Strange: Koepka has what it takes to win US Open three in a row

In Photo: Curtis Strange (right) interviews fellow back-to-back champion Brooks Koepka.

SOUTHAMPTON, New York—Curtis Strange stood by the 18th green at Shinnecock Hills, working for the TV broadcast and ready to welcome Brooks Koepka into the small fraternity of back-to-back US Open winners.

“I’m happy for him. I hope it means as much to him,” said Strange, who won in 1988 and 1989 and was the last to win two in a row before Koepka matched him on Sunday. “Now he’s going to learn things about Willie Anderson that I learned about that I never thought I would.

A year after shooting 16 under to win at Erin Hills by four strokes, Koepka repeated in the challenging conditions at Shinnecock. He shot two under par in the final round to finish the tournament at one over, one stroke ahead of Tommy Fleetwood.

Koepka is the seventh player person to win the US Open in back-to-back years, a group that began with Anderson from 1903 to 1905 and includes Bobby Jones (1929 to 1930) and Ben Hogan (1950 to 1951). Strange had been the last.

“Twenty-nine years. It shows how hard it was,” Koepka said. “I can’t even wrap my head around it.”

Strange said he didn’t say anything to Koepka as he walked the course with him.

“I didn’t even want him to know I was there,” he said.

But he was one of the first to congratulate Koepka before interviewing him for the TV viewers, telling him “hell of a job.”

“It was a pretty cool moment to have Curtis there,” Koepka said. “It was pretty neat. Calling the shots, I obviously can’t hear what he’s saying. It was cool to have him in the group. And to have him right there when I walked up 18, it was pretty special.”

Strange told reporters moments after Koepka’s final putt that he wasn’t the least bit disappointed he could no longer claim to be the most recent back-to-back winner.

“Heck no. What are they going to do, take them away?” he said. “I was only part of a group before. So what am I, part of seven? It’s a good group.”

Speaking to reporters alongside the 18th green as the crowd waited for one more group to finish, Strange said winning the second time was harder. He doesn’t think it will be another three decades before someone repeats, he said, “but I didn’t think it would be 30 years after me.”

If someone’s going to do it, it might even be Koepka, whose victories in contrasting conditions showed he has the skills to three-peat next year at Pebble Beach.

“He’s proven he can win on a classic” course, Strange said. “Hell, I came close, and he’d beat me like a yard dog.”

Anderson is the only person to win the US Open three straight years. Hogan won three in a row that he played in, missing the 1949 tournament after getting in a car accident that nearly killed him.
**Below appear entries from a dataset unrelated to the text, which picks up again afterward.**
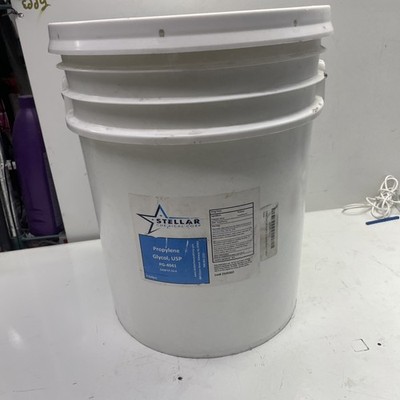 Stellar Chemicals, Food Grade Propylene Glycol, 5 Gallons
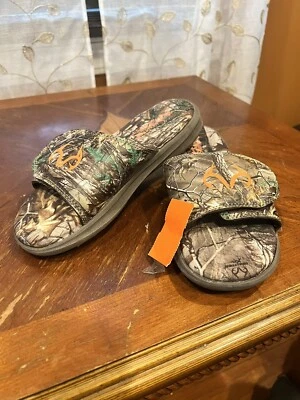 RealTree Outfitters Zack Mossy Oak Slides Men Size 7 Camouflage Bin S34 - Image 1 of 4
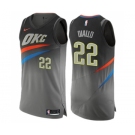 Men's Nike Oklahoma City Thunder #22 Hamidou Diallo Swingman Gray NBA Jersey - City Edition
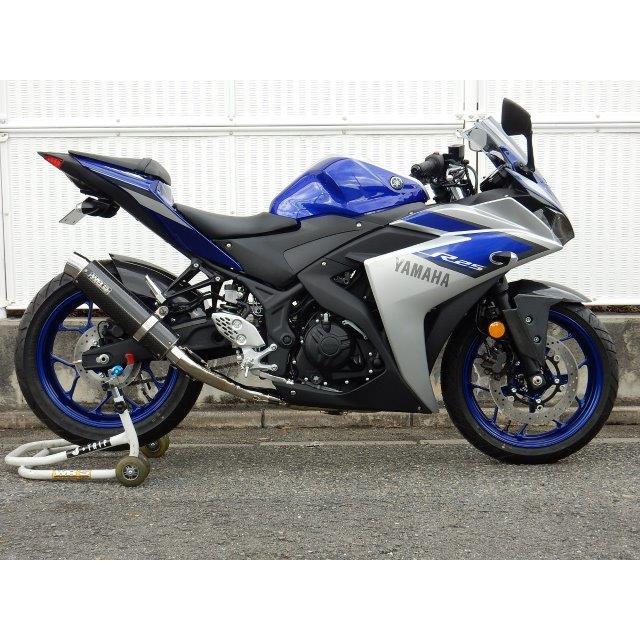 WR'S YZF-R25/MT-25 ラウンド/カーボンサイレンサー フル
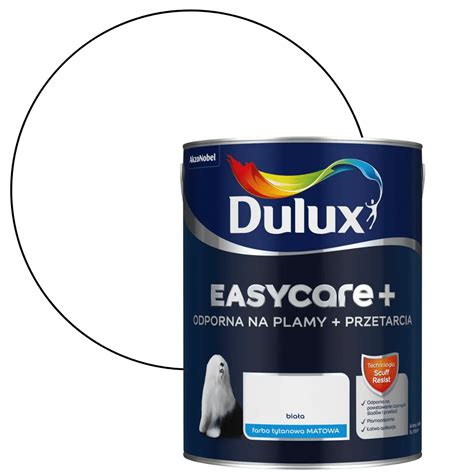 Dulux Easycare Plus Farba Bia A L Smbkolor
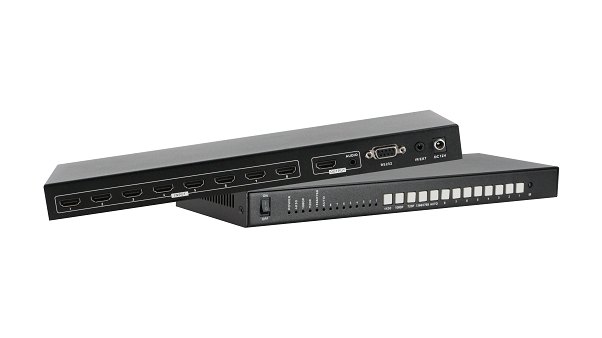 4K HDMI8进1出无缝切换器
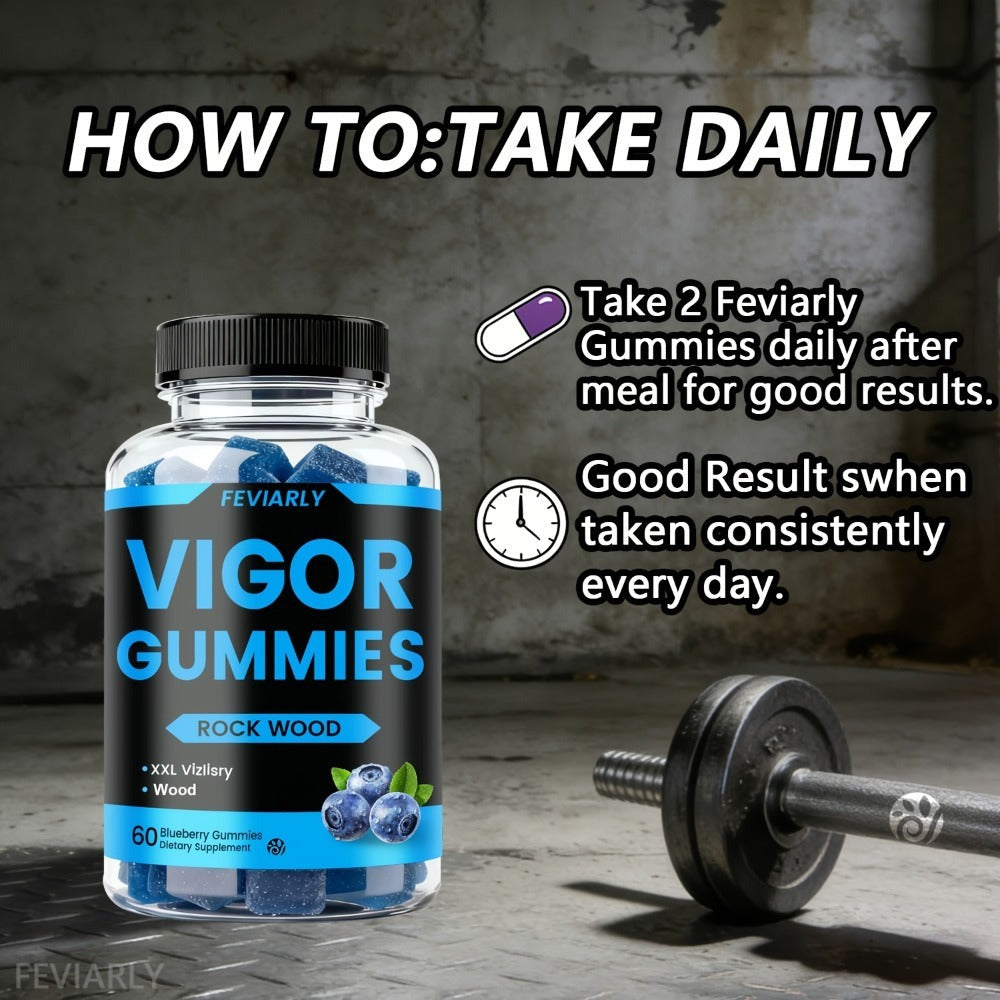 Dietary Supplement Gummies with Shilajit, Maca and Longjack in Blueberry Flavor, 60 Count for Daily Supplement Routines — ima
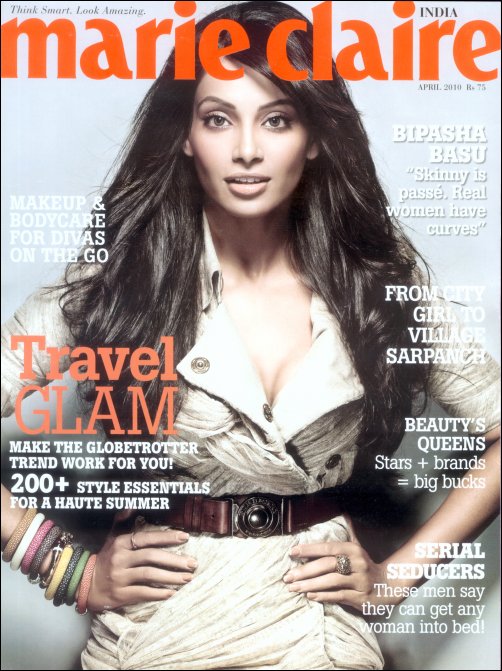 Bipasha Basu on skinny issues and more in Marie Claire Bipasha Basu on skinny issues and more in Marie Claire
Strange was two strokes off the lead heading into the final round in 1990 and finished 21st; he also finished tied for fourth in 1987.

The pressure the third time is even more extreme, said the only person alive who would know.

“For me, it was,” Strange said. “He looks like water off a duck’s back, both times. I look like I’m wound a little differently. He seems to move right on through life, which is a good thing.”